* Your instructions
With the pictures left out, print exactly the lines below that run from the one containing "Now let's look" through the one containing "I'm going to begin".

* Material for this task
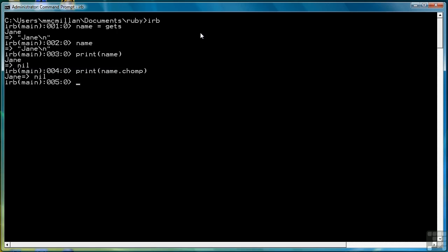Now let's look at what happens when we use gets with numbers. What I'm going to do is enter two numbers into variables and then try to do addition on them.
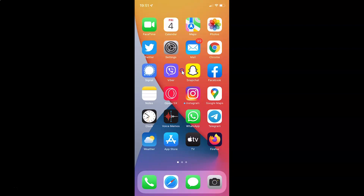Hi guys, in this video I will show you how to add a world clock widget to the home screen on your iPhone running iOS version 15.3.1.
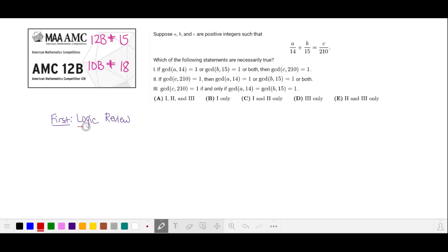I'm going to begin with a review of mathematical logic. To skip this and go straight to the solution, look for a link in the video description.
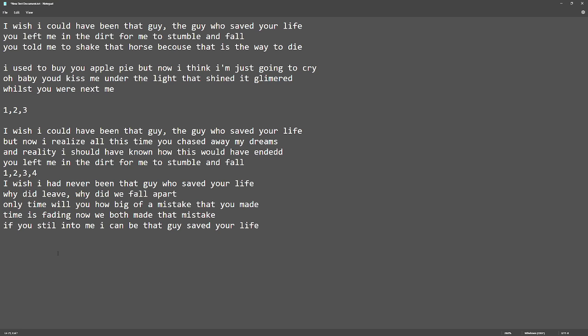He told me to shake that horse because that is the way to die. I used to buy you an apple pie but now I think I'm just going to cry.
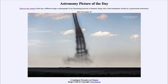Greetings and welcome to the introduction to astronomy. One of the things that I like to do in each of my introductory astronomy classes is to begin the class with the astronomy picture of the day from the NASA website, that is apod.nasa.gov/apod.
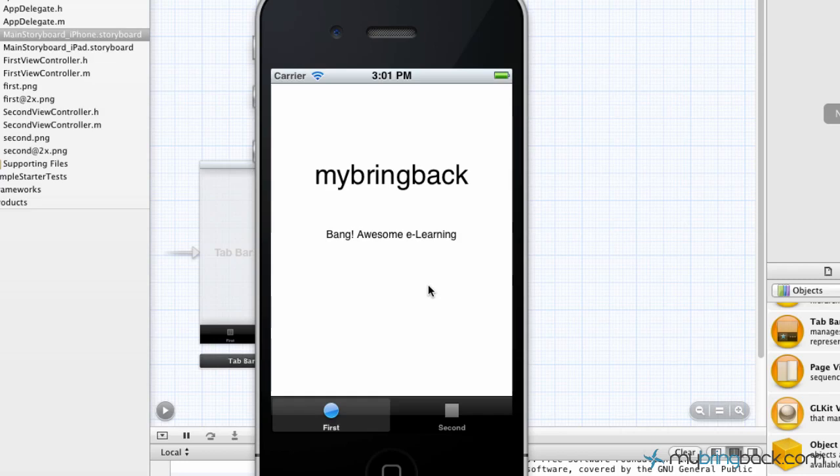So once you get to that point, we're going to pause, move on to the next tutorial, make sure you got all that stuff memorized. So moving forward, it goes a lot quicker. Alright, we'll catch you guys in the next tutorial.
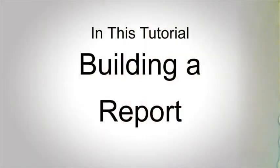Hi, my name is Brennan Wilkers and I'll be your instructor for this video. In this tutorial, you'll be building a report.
--
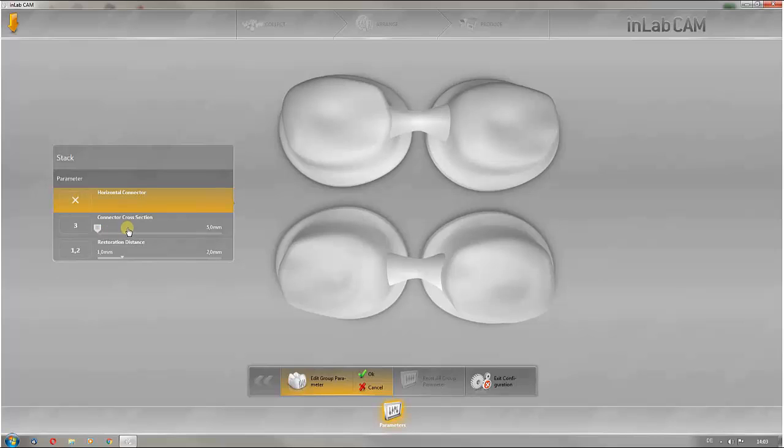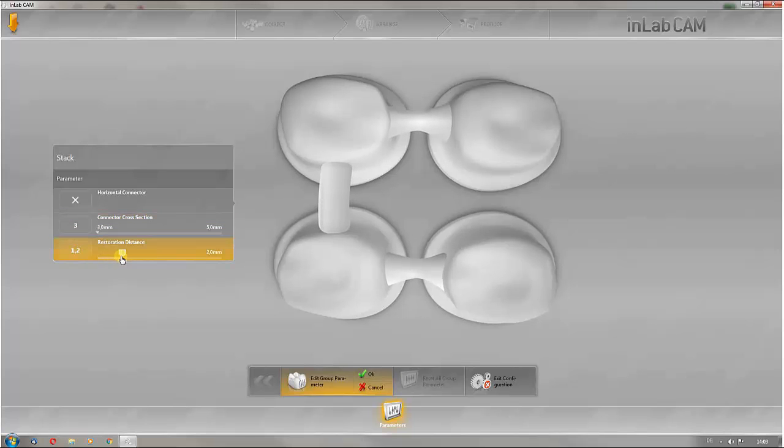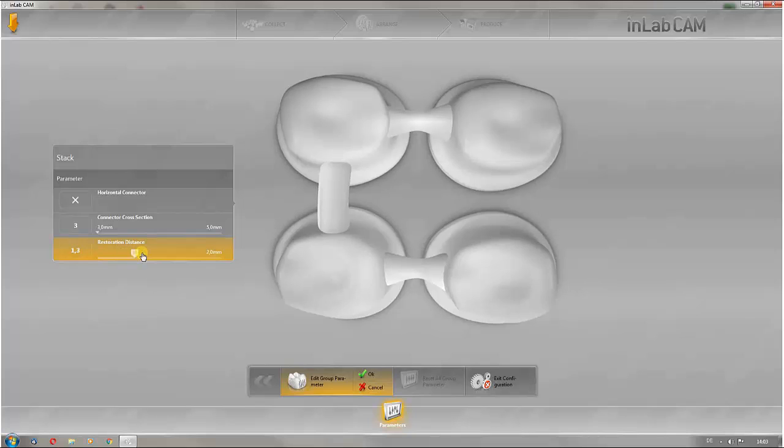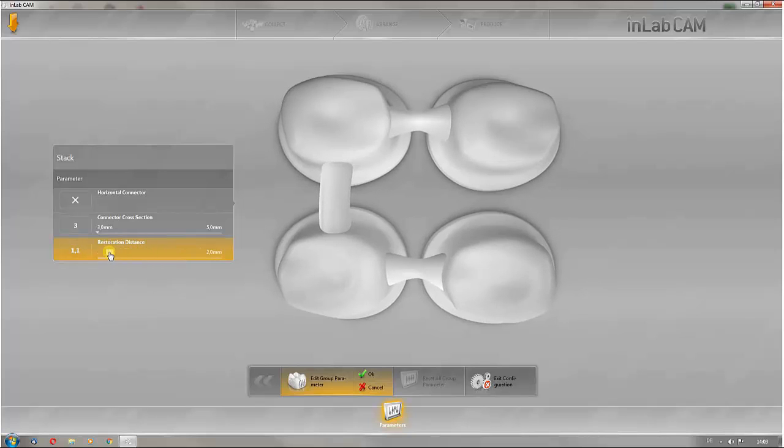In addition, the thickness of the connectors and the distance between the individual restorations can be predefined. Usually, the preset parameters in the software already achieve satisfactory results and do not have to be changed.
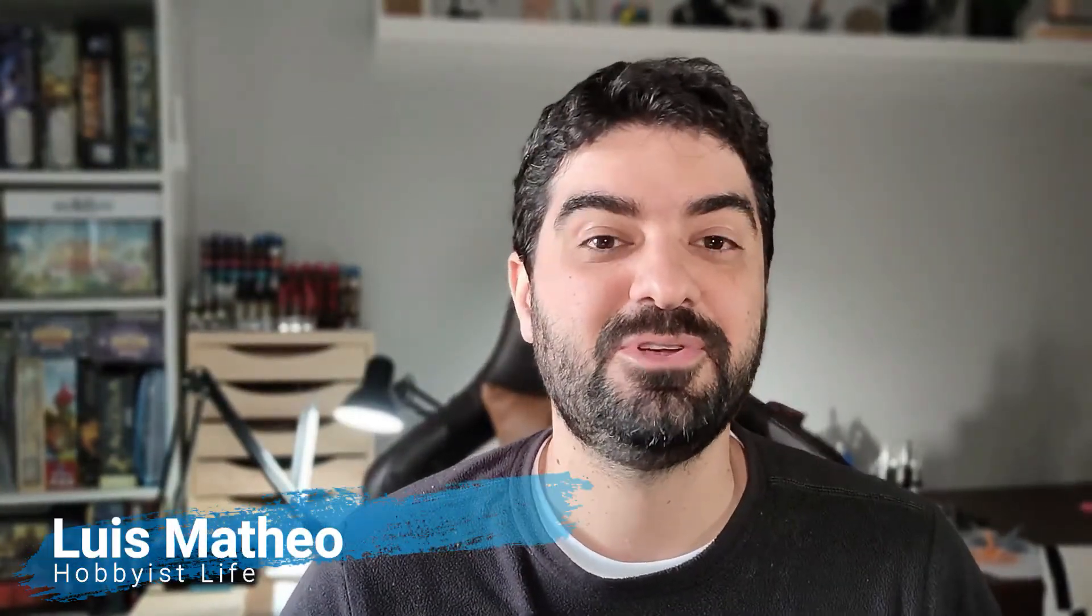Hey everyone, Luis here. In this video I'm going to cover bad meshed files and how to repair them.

* Answer
Now let's look at what happens when we use gets with numbers. What I'm going to do is enter two numbers into variables and then try to do addition on them.
Hi guys, in this video I will show you how to add a world clock widget to the home screen on your iPhone running iOS version 15.3.1.
I'm going to begin with a review of mathematical logic. To skip this and go straight to the solution, look for a link in the video description.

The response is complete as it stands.